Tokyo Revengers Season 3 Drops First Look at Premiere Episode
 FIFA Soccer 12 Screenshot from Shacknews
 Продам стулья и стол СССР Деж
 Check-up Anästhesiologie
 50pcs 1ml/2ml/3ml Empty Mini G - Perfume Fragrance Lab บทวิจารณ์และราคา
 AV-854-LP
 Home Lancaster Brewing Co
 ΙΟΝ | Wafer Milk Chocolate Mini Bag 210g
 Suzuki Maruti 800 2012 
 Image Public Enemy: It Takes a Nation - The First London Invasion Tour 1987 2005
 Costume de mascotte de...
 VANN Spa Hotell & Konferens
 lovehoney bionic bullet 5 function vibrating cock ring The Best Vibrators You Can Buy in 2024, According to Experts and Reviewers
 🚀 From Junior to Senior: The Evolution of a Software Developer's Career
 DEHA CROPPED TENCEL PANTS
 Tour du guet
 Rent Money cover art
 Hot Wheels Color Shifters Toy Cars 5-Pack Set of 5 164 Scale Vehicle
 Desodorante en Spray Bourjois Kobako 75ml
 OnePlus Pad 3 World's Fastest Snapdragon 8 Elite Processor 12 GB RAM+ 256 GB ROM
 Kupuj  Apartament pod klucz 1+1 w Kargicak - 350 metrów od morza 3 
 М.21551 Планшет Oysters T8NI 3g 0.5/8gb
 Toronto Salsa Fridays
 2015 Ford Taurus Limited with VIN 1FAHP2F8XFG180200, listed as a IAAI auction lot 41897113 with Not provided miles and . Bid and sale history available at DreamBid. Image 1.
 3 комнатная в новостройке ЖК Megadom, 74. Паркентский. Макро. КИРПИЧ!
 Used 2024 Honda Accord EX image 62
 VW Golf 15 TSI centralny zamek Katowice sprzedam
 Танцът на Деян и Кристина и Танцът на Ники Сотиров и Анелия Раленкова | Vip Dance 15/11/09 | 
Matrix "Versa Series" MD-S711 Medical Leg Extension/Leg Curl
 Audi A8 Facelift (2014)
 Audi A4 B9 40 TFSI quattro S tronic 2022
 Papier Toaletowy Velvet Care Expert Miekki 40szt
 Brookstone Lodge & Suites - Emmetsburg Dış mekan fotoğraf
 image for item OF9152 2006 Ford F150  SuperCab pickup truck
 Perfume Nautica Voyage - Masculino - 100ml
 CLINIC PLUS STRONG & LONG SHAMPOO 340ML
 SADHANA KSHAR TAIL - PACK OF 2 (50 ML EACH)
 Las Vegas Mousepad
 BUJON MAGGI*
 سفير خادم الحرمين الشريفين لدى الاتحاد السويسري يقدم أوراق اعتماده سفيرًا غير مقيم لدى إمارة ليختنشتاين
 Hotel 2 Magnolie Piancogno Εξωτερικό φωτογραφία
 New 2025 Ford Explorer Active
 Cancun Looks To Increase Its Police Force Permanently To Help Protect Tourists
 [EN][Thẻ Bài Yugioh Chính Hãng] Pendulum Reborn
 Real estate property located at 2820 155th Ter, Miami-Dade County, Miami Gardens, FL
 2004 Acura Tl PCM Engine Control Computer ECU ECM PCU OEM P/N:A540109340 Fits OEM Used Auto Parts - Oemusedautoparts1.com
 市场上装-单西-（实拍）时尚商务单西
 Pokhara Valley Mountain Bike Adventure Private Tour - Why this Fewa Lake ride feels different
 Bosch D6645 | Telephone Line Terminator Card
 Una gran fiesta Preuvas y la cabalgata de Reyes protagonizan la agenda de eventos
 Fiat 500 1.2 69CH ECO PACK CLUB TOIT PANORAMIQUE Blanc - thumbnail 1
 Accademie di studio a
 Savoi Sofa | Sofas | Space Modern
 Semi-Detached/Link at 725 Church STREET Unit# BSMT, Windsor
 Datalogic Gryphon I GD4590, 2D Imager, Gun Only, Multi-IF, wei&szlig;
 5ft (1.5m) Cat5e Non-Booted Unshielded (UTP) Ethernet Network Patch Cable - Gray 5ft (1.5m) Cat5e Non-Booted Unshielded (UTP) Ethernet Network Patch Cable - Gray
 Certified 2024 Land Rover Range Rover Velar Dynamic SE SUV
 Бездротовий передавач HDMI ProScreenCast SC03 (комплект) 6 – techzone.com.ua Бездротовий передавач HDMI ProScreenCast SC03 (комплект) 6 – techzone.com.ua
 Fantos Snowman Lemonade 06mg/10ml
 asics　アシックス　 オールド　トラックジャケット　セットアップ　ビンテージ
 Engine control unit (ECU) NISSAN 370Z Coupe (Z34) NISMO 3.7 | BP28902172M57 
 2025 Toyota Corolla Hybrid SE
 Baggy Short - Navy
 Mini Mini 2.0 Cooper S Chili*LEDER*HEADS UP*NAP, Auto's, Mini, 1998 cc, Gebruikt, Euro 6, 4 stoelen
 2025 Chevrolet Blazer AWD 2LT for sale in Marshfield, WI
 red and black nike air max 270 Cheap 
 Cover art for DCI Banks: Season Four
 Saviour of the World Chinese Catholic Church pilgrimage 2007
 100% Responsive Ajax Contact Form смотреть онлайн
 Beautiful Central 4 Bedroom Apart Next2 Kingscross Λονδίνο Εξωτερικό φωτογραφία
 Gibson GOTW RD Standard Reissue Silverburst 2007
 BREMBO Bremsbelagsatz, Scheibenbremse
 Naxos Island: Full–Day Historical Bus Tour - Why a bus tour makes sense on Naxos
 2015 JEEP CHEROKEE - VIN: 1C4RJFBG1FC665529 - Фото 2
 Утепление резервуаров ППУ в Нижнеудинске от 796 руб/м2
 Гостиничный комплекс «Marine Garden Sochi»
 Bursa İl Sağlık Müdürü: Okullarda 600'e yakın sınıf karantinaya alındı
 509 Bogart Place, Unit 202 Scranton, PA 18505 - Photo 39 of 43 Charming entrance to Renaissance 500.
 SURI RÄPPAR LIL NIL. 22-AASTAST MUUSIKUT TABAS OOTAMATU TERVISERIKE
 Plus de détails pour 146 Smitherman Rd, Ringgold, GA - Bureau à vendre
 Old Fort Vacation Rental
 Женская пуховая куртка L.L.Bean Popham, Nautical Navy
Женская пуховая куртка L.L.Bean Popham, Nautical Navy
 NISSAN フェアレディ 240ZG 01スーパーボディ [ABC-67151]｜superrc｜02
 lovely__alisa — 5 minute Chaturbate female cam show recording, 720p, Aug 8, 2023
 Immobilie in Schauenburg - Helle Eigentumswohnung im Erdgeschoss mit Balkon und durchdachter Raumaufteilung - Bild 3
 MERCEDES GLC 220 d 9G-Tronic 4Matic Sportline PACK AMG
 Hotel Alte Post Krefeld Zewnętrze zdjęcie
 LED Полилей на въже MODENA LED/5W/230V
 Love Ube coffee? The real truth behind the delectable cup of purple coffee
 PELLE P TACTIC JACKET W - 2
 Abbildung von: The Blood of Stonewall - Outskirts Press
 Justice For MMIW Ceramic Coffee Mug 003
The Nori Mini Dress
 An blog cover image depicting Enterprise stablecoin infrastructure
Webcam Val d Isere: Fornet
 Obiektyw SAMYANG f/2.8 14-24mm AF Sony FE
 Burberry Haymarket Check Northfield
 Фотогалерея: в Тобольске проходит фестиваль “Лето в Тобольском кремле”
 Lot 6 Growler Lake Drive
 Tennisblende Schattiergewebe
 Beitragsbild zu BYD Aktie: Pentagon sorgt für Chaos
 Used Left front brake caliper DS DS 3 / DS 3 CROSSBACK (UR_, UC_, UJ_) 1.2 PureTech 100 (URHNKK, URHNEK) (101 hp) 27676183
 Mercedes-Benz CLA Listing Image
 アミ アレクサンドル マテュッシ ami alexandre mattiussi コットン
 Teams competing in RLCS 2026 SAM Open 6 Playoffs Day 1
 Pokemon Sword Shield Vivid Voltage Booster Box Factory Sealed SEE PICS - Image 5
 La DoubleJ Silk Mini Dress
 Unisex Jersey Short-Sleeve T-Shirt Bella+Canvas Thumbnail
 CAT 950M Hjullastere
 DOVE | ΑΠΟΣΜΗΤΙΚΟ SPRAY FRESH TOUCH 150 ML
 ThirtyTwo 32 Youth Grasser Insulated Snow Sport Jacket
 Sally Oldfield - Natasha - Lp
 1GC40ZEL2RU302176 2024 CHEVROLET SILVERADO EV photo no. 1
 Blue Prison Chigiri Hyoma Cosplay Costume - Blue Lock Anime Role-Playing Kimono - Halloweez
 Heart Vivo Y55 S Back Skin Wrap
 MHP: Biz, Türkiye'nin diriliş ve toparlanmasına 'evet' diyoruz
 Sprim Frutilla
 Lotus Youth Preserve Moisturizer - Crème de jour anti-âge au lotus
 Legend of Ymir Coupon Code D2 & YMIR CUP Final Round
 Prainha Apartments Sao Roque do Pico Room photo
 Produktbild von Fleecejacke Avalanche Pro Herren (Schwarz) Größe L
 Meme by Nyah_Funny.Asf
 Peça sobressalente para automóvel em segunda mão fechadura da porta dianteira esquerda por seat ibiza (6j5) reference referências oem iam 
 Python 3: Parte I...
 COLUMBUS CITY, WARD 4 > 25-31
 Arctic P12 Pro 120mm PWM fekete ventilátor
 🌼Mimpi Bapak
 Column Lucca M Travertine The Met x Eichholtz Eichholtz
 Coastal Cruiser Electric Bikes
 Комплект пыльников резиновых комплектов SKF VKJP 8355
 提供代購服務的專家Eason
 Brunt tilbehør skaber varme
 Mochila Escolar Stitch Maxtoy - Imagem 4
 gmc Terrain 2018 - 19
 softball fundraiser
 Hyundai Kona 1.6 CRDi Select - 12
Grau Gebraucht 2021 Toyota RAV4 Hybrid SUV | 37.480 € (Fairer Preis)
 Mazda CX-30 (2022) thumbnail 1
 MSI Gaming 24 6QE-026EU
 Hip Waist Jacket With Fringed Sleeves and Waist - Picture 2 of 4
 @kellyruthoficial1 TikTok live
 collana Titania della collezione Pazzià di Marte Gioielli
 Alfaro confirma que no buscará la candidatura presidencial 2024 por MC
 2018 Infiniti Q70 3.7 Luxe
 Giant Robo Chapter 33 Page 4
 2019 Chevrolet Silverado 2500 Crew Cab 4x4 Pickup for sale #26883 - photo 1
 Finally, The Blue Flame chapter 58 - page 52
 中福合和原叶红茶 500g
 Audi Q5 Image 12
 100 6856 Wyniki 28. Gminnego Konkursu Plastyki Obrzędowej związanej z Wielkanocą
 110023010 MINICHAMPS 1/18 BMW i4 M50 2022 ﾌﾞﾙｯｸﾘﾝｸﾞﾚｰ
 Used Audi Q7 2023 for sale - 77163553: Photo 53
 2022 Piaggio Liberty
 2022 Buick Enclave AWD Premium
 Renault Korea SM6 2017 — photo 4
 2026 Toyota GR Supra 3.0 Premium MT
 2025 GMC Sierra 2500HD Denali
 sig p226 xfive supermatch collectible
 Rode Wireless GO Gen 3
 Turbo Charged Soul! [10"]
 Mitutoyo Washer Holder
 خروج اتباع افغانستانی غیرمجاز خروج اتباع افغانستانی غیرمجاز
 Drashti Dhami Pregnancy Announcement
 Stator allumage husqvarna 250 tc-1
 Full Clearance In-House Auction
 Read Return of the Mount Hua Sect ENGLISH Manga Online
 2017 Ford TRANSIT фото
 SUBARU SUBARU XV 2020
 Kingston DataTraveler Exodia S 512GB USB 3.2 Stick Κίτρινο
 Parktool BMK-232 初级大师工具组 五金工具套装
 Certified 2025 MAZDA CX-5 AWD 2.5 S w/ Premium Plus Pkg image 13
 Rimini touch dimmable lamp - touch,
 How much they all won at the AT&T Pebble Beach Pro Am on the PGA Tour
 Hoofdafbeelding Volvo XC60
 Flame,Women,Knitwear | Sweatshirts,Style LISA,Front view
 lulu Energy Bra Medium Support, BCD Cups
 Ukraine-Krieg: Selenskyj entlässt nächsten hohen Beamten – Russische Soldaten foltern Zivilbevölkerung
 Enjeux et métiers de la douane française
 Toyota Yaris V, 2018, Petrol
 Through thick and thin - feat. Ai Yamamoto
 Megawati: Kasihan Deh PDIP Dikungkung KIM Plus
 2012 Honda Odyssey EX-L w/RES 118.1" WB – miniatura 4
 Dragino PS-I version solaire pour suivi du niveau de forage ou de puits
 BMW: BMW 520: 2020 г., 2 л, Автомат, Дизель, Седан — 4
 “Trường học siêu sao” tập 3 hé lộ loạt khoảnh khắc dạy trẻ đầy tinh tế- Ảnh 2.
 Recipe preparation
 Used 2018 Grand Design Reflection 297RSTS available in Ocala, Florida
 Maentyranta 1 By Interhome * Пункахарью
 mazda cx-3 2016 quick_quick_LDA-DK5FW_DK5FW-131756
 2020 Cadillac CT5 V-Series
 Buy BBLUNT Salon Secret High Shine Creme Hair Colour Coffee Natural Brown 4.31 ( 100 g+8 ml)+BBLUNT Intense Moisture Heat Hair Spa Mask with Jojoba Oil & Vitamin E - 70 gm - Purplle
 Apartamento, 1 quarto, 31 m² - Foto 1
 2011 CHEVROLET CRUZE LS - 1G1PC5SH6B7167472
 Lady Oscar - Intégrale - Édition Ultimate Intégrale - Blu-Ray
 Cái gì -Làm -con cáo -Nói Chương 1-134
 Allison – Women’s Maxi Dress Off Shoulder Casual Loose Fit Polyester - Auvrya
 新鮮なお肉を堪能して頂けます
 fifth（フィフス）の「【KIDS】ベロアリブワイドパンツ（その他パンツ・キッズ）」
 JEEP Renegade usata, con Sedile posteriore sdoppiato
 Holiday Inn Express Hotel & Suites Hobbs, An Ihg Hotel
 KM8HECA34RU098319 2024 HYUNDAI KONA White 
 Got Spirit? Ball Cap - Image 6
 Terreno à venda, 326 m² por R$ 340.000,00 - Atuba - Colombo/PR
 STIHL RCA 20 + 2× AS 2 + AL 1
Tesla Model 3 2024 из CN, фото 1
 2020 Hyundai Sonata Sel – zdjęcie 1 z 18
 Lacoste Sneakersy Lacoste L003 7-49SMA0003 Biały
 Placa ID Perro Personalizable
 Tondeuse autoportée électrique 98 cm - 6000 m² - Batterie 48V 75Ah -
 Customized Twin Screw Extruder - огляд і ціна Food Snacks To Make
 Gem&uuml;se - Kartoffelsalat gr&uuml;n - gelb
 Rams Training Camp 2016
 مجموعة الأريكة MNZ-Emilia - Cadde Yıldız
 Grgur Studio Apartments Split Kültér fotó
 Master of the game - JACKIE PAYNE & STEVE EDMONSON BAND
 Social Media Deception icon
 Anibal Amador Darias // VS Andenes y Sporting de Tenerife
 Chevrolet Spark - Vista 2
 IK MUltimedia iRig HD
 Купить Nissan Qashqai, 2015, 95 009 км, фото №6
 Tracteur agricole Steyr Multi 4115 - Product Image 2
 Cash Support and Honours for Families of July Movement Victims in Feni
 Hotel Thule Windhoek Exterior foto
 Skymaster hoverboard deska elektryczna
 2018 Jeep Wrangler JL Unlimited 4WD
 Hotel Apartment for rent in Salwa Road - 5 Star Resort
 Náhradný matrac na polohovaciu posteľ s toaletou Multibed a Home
——————————
» **Task brief**
Please copy exactly the lines from the first line of the records above through the line containing "OnePlus Pad 3", including both, and nothing more.

» **Exercise solution**
Tokyo Revengers Season 3 Drops First Look at Premiere Episode
 FIFA Soccer 12 Screenshot from Shacknews
 Продам стулья и стол СССР Деж
 Check-up Anästhesiologie
 50pcs 1ml/2ml/3ml Empty Mini G - Perfume Fragrance Lab บทวิจารณ์และราคา
 AV-854-LP
 Home Lancaster Brewing Co
 ΙΟΝ | Wafer Milk Chocolate Mini Bag 210g
 Suzuki Maruti 800 2012 
 Image Public Enemy: It Takes a Nation - The First London Invasion Tour 1987 2005
 Costume de mascotte de...
 VANN Spa Hotell & Konferens
 lovehoney bionic bullet 5 function vibrating cock ring The Best Vibrators You Can Buy in 2024, According to Experts and Reviewers
 🚀 From Junior to Senior: The Evolution of a Software Developer's Career
 DEHA CROPPED TENCEL PANTS
 Tour du guet
 Rent Money cover art
 Hot Wheels Color Shifters Toy Cars 5-Pack Set of 5 164 Scale Vehicle
 Desodorante en Spray Bourjois Kobako 75ml
 OnePlus Pad 3 World's Fastest Snapdragon 8 Elite Processor 12 GB RAM+ 256 GB ROM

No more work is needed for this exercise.